Personal information
- Nationality: American
- Born: March 29, 1989 (age 37) Santa Cruz, California^{[citation needed]}

Sport
- Sport: Track, Long-distance running
- Event: 5000 meters
- College team: Oregon

Achievements and titles
- Personal best(s): 800 meters: 2:07.45 1500 meters: 4:15.67 5000 meters: 15:36.90

= Alexandra Kosinski =

American distance-runner (born 1989)

Alexandra Kosinski (born March 29, 1989) is an American distance-runner. She broke the U.S. high school girl's national record for the 1600 meters in 2007. She went on to attend and run with University of Oregon in cross country and track.

==Running career==

===High school===
Kosinski attended and ran with Oak Ridge High School from El Dorado Hills, California.
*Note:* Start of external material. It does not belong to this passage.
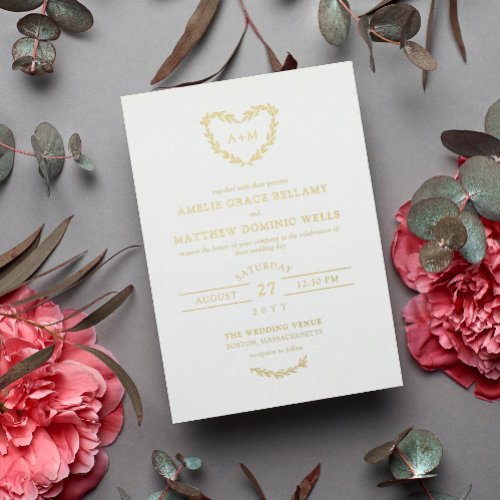 Elegant White  Gold Heart Wreath Wedding Foil Invitation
She and another Californian high schooler, Jordan Hasay, were two of the fastest high school women in the state and frequently raced each other before they would both go to University of Oregon.

===Collegiate===
Kosinski attended University of Oregon with an athletic scholarship. She majored in Sociology and maintained a 3.83 GPA while in college. On January 29, 2011, she set the school's record for the indoor 5000 meter at 15:44.60. Kosinski placed third in 2011 and placed eighth in the women's 5000 meter finals at the 2012 NCAA Division I Outdoor Track and Field Championships.